Some git hosting sites (e.g forgejo instances tweaked to support git-annex) can store annexed contents. The goal here would be to encrypt the annexed file contents, but not the git repo. What would it take?
Git-annex encryption can be enabled for special remotes, but in this case there is only a "regular" git remote so there is no way to set the config.
My first intuition was to initialize a type=git special remote pointing to the same location, but it does not support encryption
(initremote
fails with git-annex: Unexpected parameters: encryption keyid
).
There is the gcrypt special remote (and it worked with the forgejo instance I tried), but it encrypts / obfuscates everything (file names, commits etc.) and turns each push into a force push.
The advantage of having the annexed files but not the git repo encrypted is that the file tree, commit history, readme and all the things typically displayed by the site would still be viewable (communicating repository layout, contents), but GPG keys would be used to control practical access (possibly on top of site's access premissions).
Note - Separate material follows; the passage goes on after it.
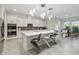 Well-lit kitchen featuring an island with bar seating, stainless steel appliances, and seamless flow to dining at 14504 Sunbridge Cir, Winter Garden, FL 34787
Thanks in advance for considering! -- MSz
Another place this came up is https://git-annex.branchable.com/design/passthrough_proxy/#index14h2 where a proxy to an encrypted special remote necessarily does encryption server side, but the user may not want the server to see their unencrypted files.
There I suggested "adding a special remote that does its own client-side encryption in front of the proxy". Such a layered special remote could also be used with a git remote. There would be some complexity cost, since you would have two remote names, one used for git and the other for git-annex.
Implementing object encryption in git remotes is certianly possible, but it would be a special case and the existing code for encrypting special remotes (particularly Remote.Helper.Special.specialRemote) would not be able to be reused.
There's also the problem that, if such a git repository is added as a regular remote, and the git-annex branch that indicates that it is encrypted has not yet been pulled, git-annex would not realize that it is supposed to be encrypted, so would send unencrypted objects to it. This seems like an easy situation to accidentially get into eg:
Overall I prefer the idea of layering an encrypted special remote to complicating the git remote with encryption. Enabling that special remote could make git-annex treat the underlying remote as annex-ignore, to prevent accidentially sending unencrypted objects to it.
There could also be situations where you want to store some files unencrypted on a git hosting site to let them be accessible via its UI, but encrypt other files, and the layered special remote also allows for that kind of thing.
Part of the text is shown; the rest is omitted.